■ Exercise prompt ■
Task for the records below: please copy exactly, and only, the lines from the one containing "Central Park Saigon Hotel, Lobby" to the last line, both included, leaving out the pictures.

Start of Block

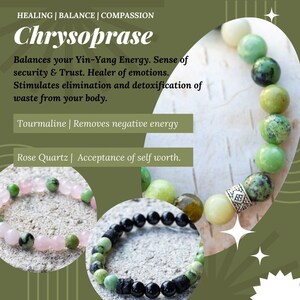 K&ouml;nnte beinhalten: Drei Armb&auml;nder aus verschiedenen Edelsteinen. Das erste Armband besteht aus gr&uuml;nen Chrysopras-Perlen, das zweite Armband aus rosa Rosenquarz-Perlen und gr&uuml;nen Chrysopras-Perlen und das dritte Armband aus schwarzen Lava-Perlen und gr&uuml;nen Chrysopras-Perlen. Die Armb&auml;nder befinden sich auf einem wei&szlig;en Hintergrund mit einem gr&uuml;nen Hintergrund dahinter.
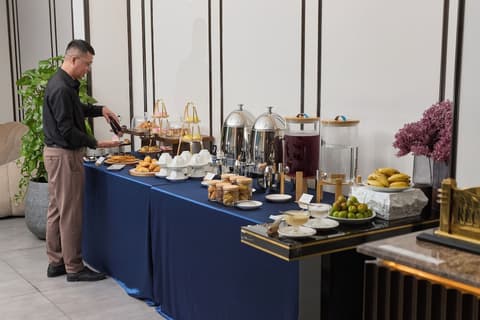 Central Park Saigon Hotel, Lobby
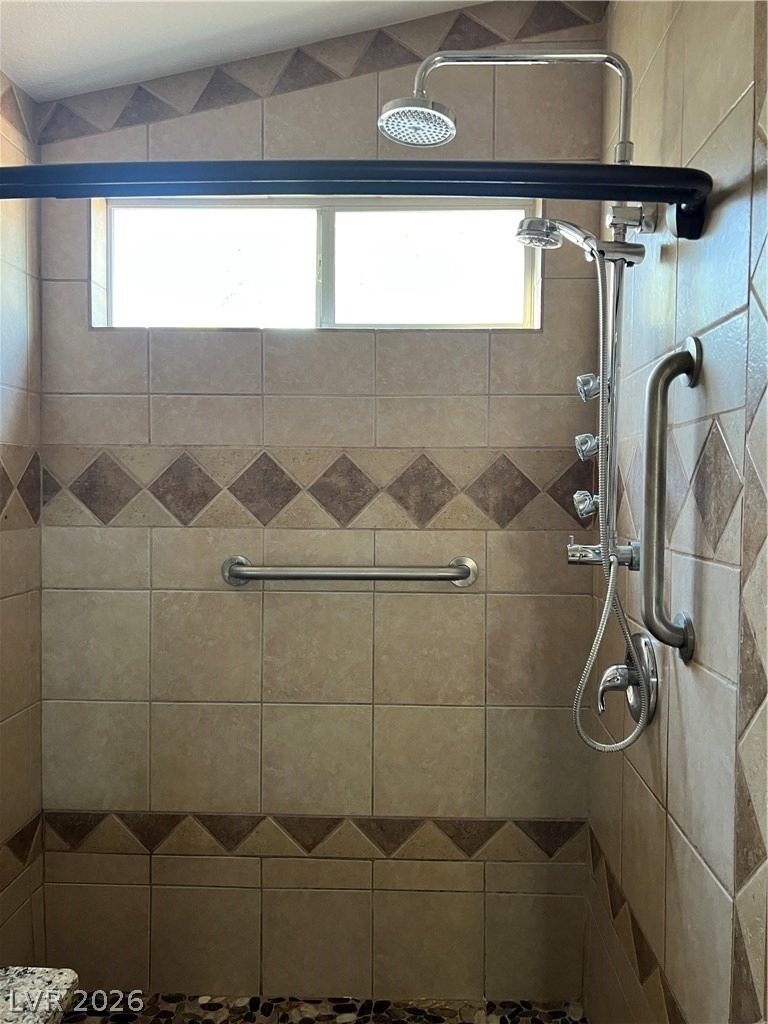 1517 Waterton - Photo 6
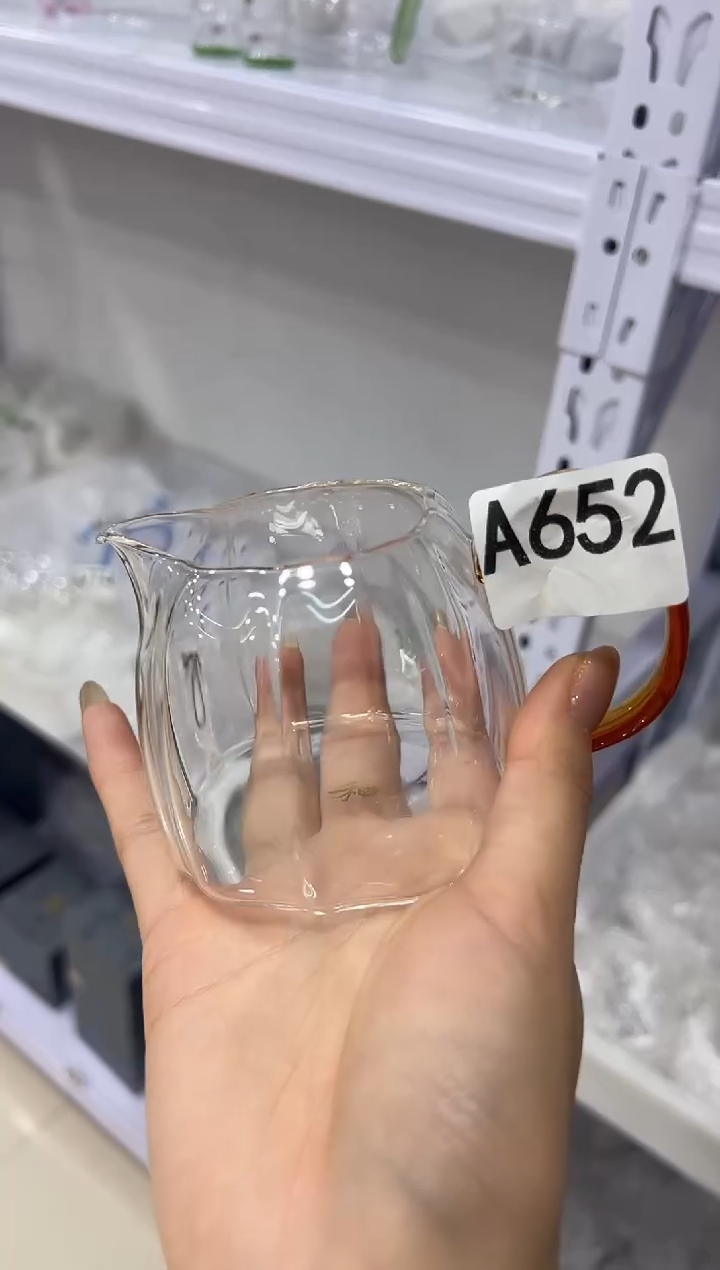 A652*************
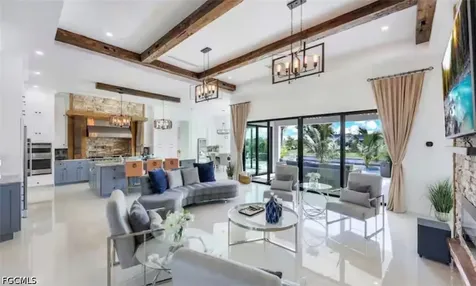 2405 SW 11th Avenue Cape Coral FL 33991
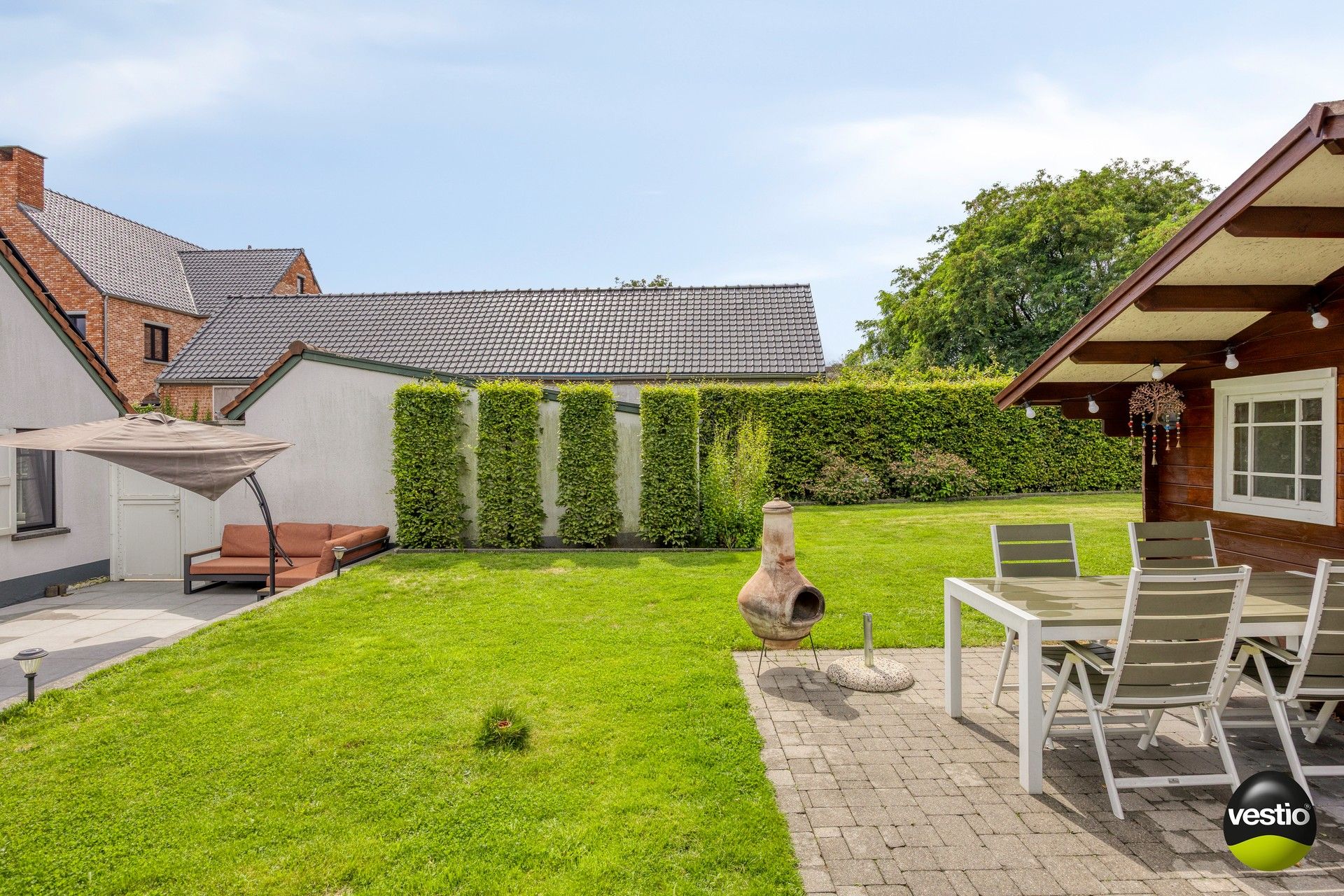 CHARMANTE GEZINSWONING MET 4 SLK EN GROTE TUIN IN EIGENBILZEN foto 32
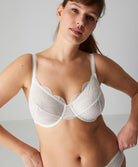 Soutien-gorge emboitant en dentelle avec armatures Simone Pérèle Karma naturel 12V310-030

End of Block

■ Response to this task ■
 Central Park Saigon Hotel, Lobby
 1517 Waterton - Photo 6
 A652*************
 2405 SW 11th Avenue Cape Coral FL 33991
 CHARMANTE GEZINSWONING MET 4 SLK EN GROTE TUIN IN EIGENBILZEN foto 32
 Soutien-gorge emboitant en dentelle avec armatures Simone Pérèle Karma naturel 12V310-030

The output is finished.